***** EXERCISE INPUTS *****
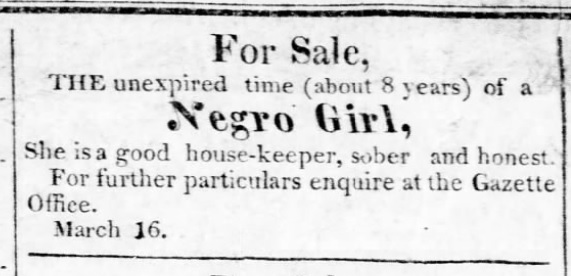 Anonymous Pittsburgh advertisement to sell an enslaved girl.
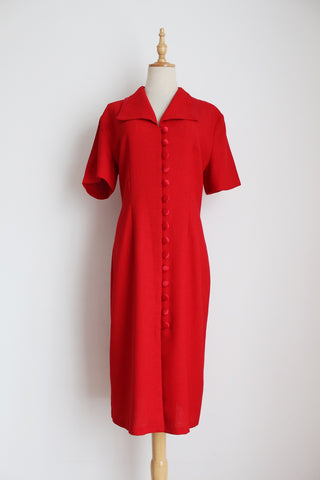 VINTAGE BUTTON DOWN SHIRT DRESS RED - SIZE 12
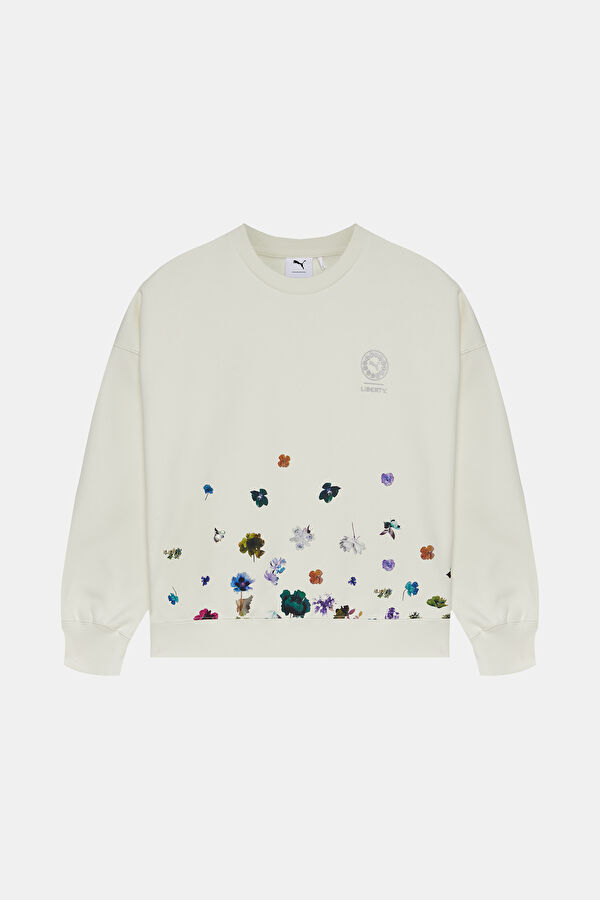 Liberty Beyaz Bisiklet Yaka Sweatshirt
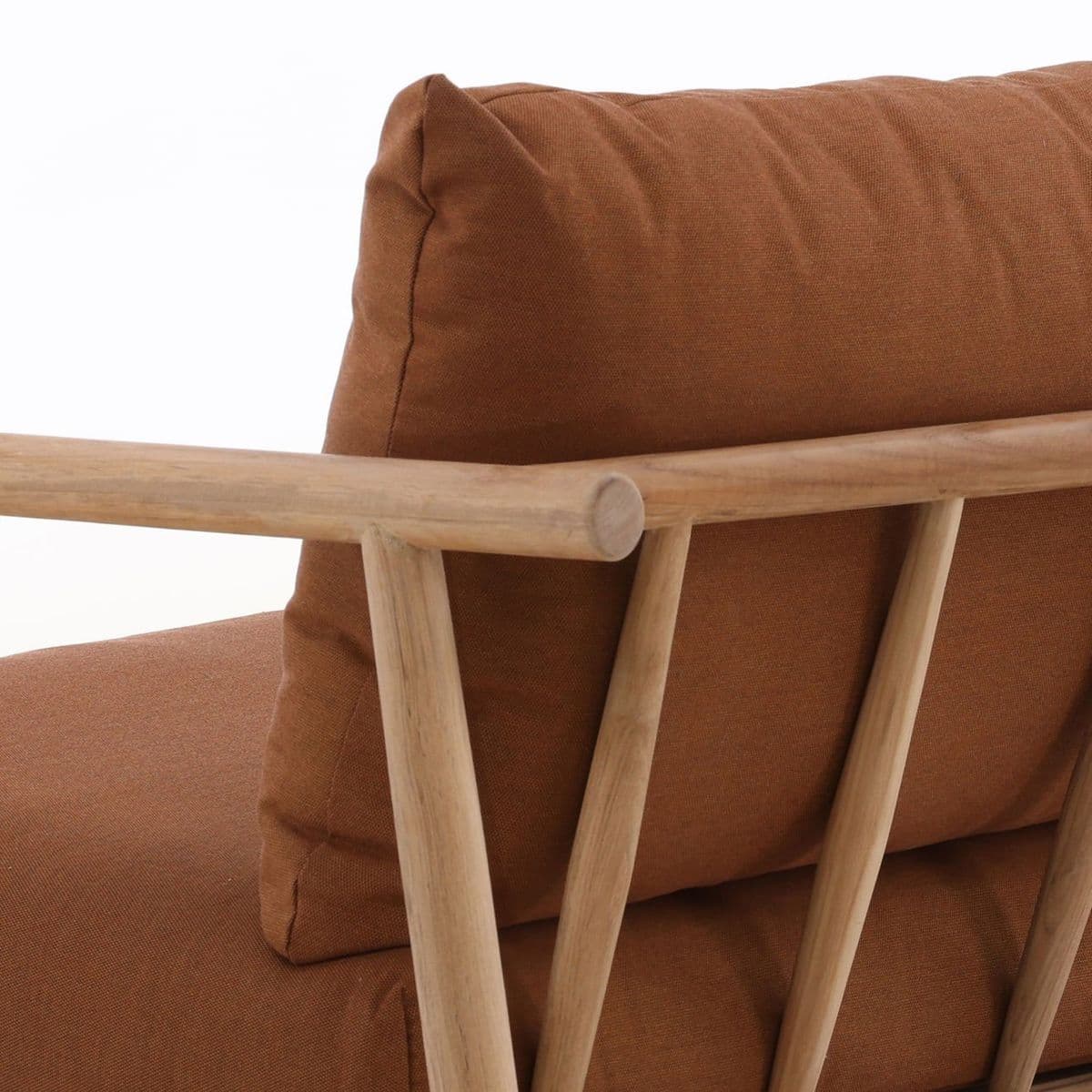 Outdoor Rust Cushion Teak Sofa - Thumbnail 7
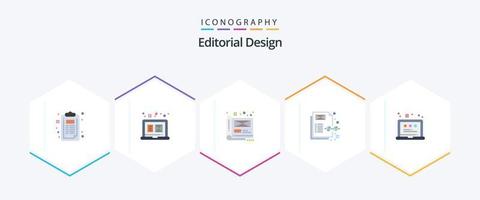 diseño editorial paquete de 25 iconos planos que incluye diseño. gestión de contenido. arte. contenido. archivo vector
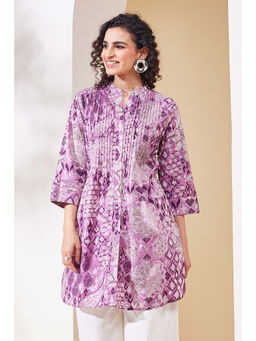 Biba - Women Purple Cotton A Line Kurti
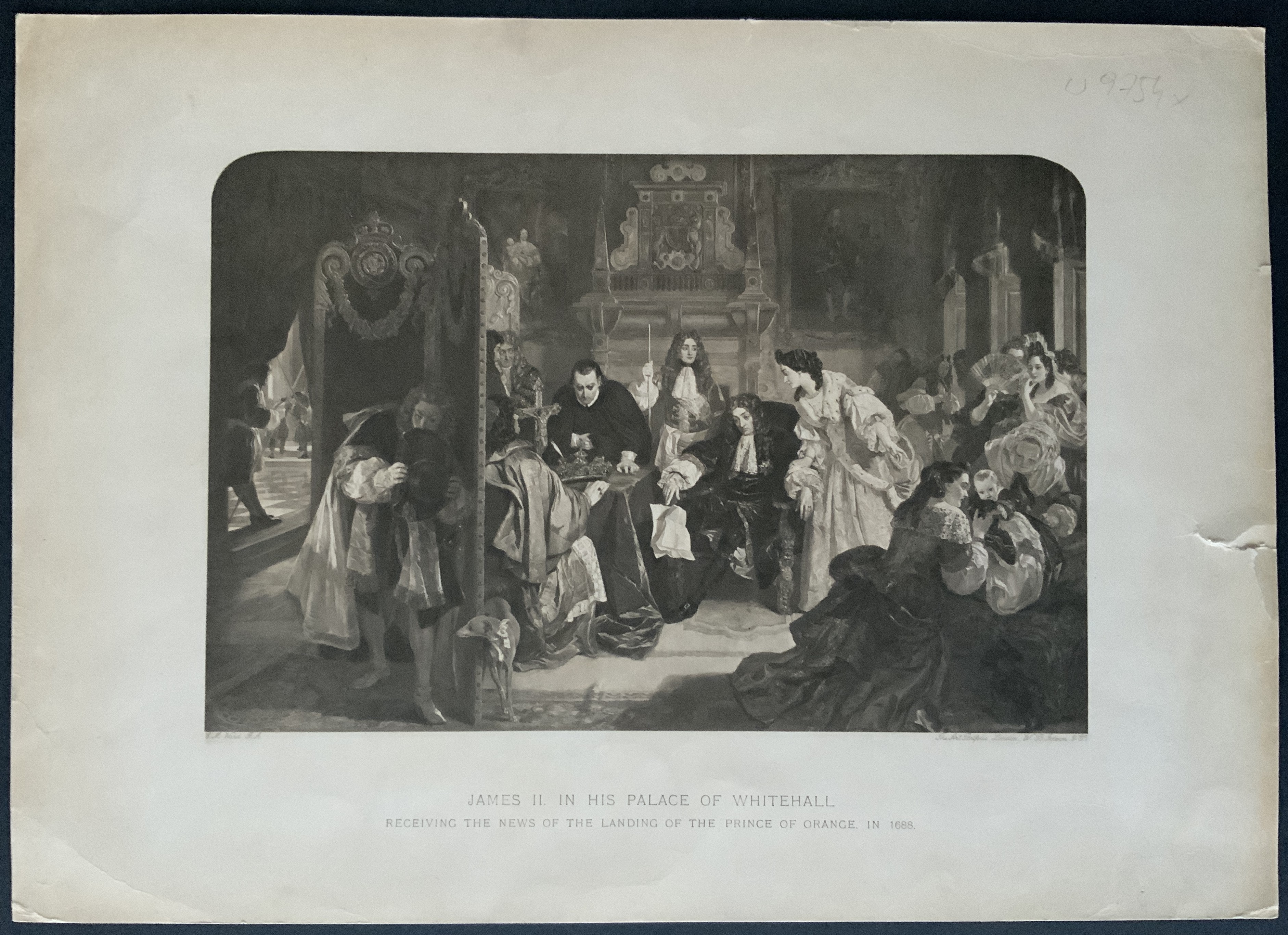JAMES II IN HIS PALACE OF WHITEHALL ENGRAVING - Image 2 of 3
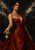 Dark-haired woman in a red-and-black gown reaching toward a golden apple, with ruined classical structures and distant figures on opposing cliffs.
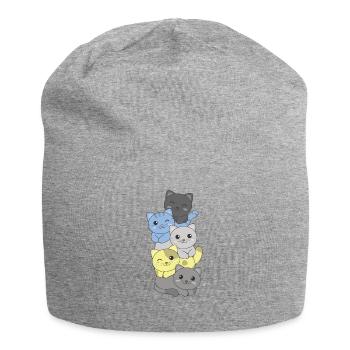 Periboy Flag Pride LGBTQ Cute Cat Stack - Jersey Beanie - heather grey - Front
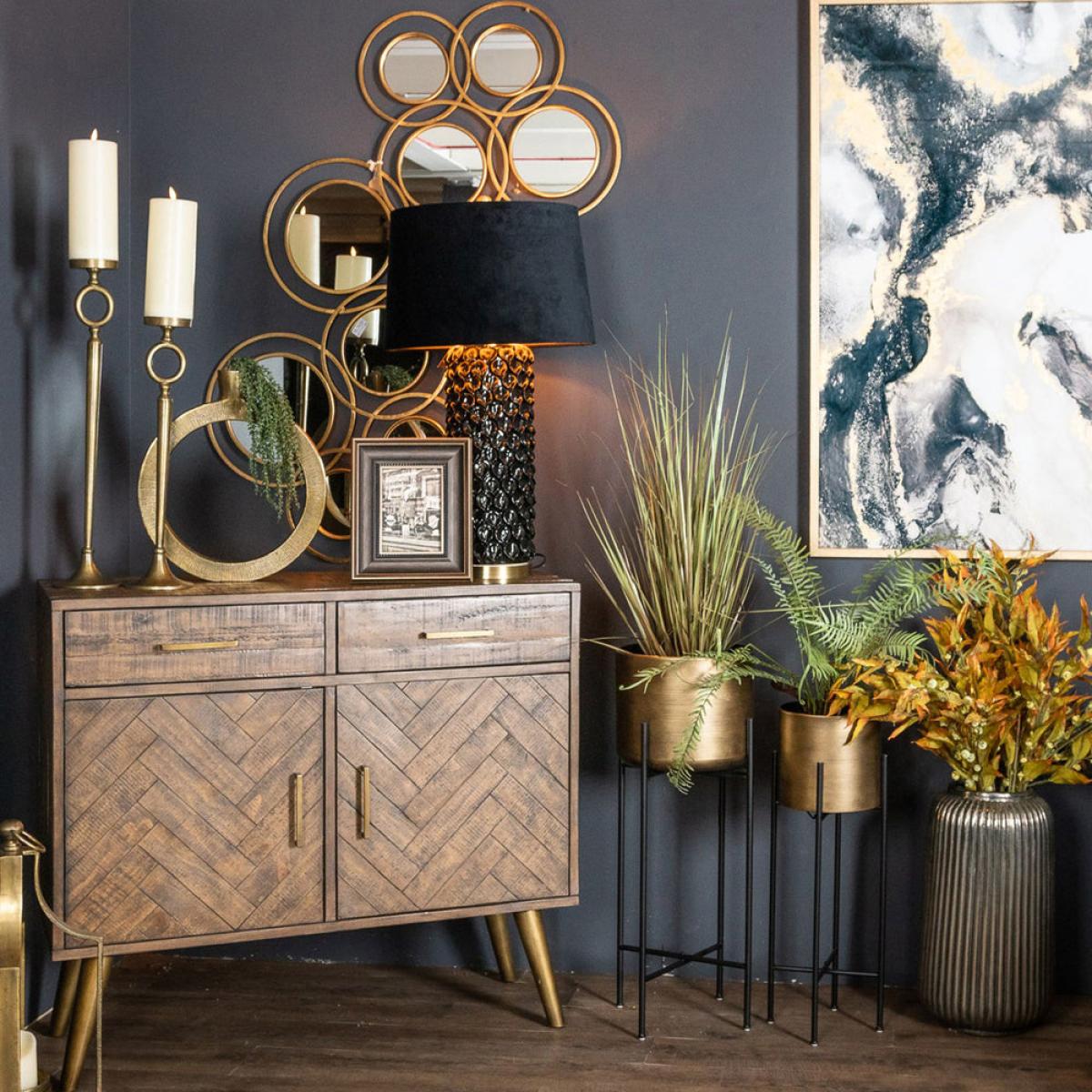 Hill Interiors Havana 2 Door 2 Drawer Sideboard in Gold – image 3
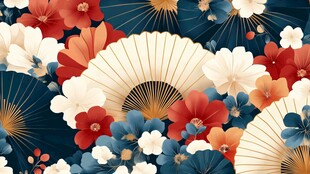日式花卉与折扇图案设计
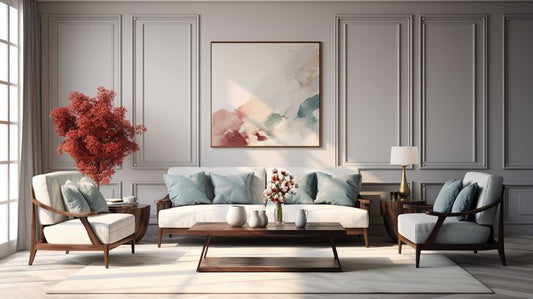 Modern Luxe Living: Radiant White Living Room & Abstract Artistry - Virtual Background Image for Zoom and Teams Meetings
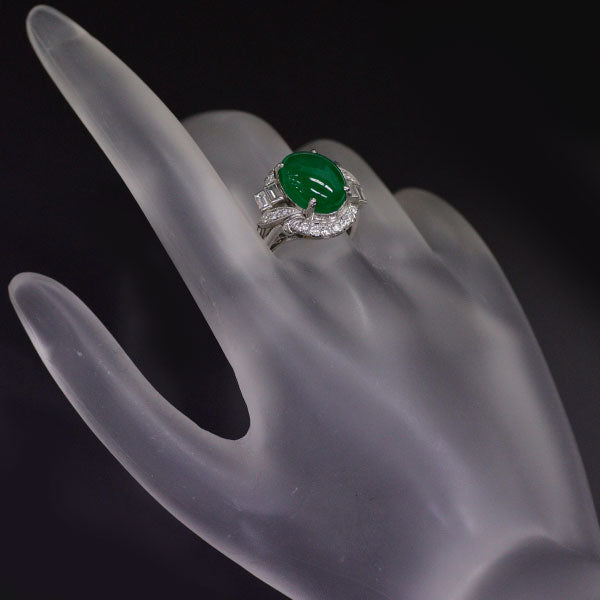 Pt900 Jade Diamond Ring D0.59ct Vintage Carved 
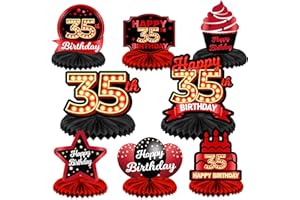 COOSOAR Happy 35th Birthday Red and Black Table Honeycomb Centerpieces Balloons Theme Decor Table Decorations Table Toppers for Girls Women Princess 35 Years Old Birthday Party Bday Supplies Background Gold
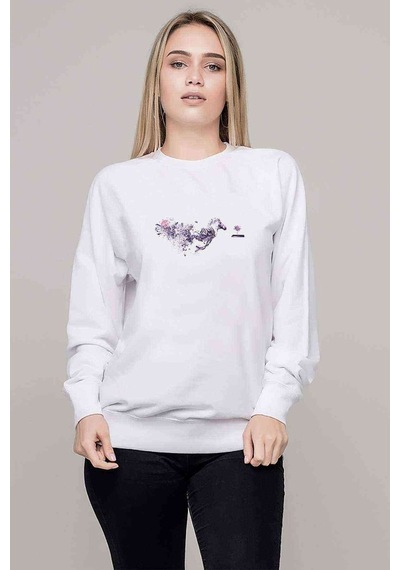 Zebra Metal Rock Music Müzik Baskılı Beyaz Kadın Sweatshirt
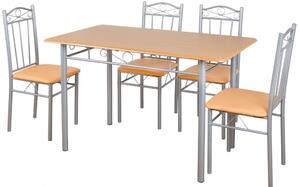 Vigor FUR-102-Beige étkezőasztal szett 4 db kárpitozott szék bézs barna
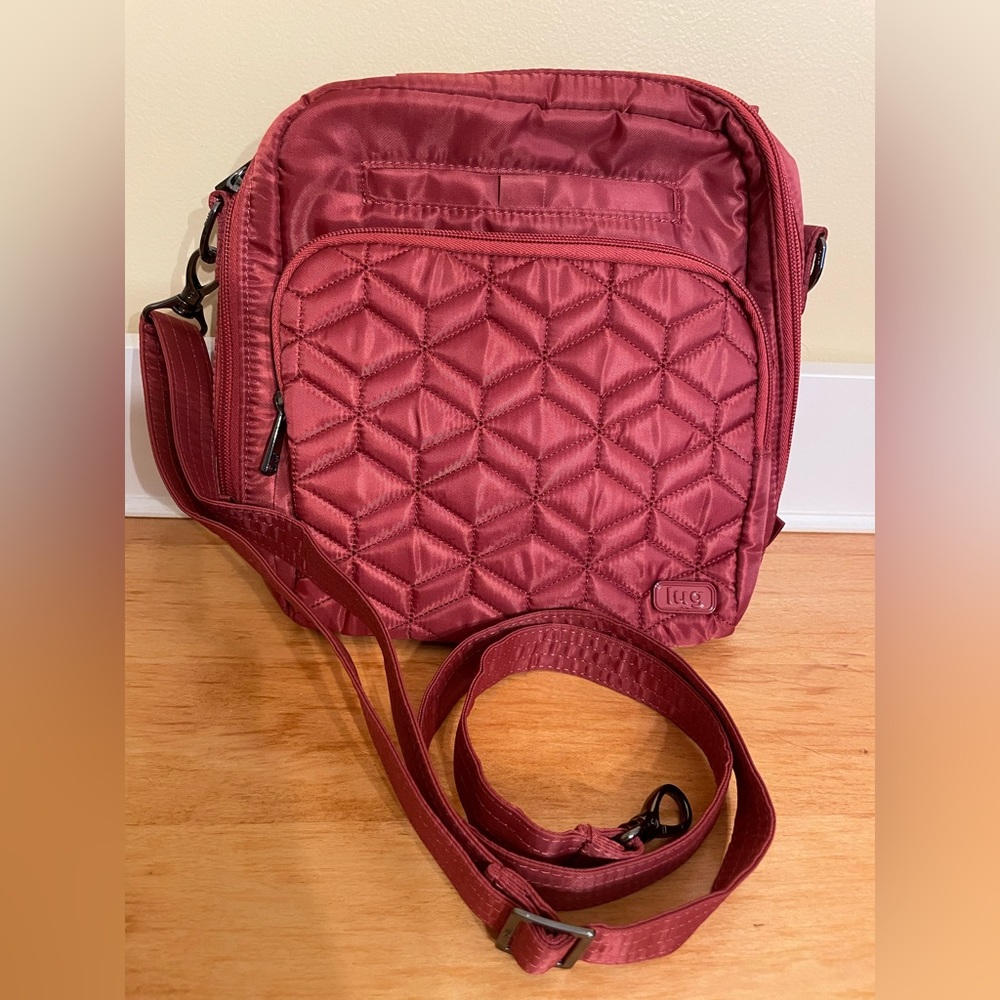 Lug Quilted Crossbody Bag in a Rosy/Cranberry color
*****
### TO DO
Using the data above, transcribe exactly the lines between those containing "VINTAGE BUTTON DOWN" and "Dark-haired woman in", inclusive, and leave every picture behind.

### ANSWER SECTION
 VINTAGE BUTTON DOWN SHIRT DRESS RED - SIZE 12
 Liberty Beyaz Bisiklet Yaka Sweatshirt
 Outdoor Rust Cushion Teak Sofa - Thumbnail 7
 diseño editorial paquete de 25 iconos planos que incluye diseño. gestión de contenido. arte. contenido. archivo vector
 Biba - Women Purple Cotton A Line Kurti
JAMES II IN HIS PALACE OF WHITEHALL ENGRAVING - Image 2 of 3
 Dark-haired woman in a red-and-black gown reaching toward a golden apple, with ruined classical structures and distant figures on opposing cliffs.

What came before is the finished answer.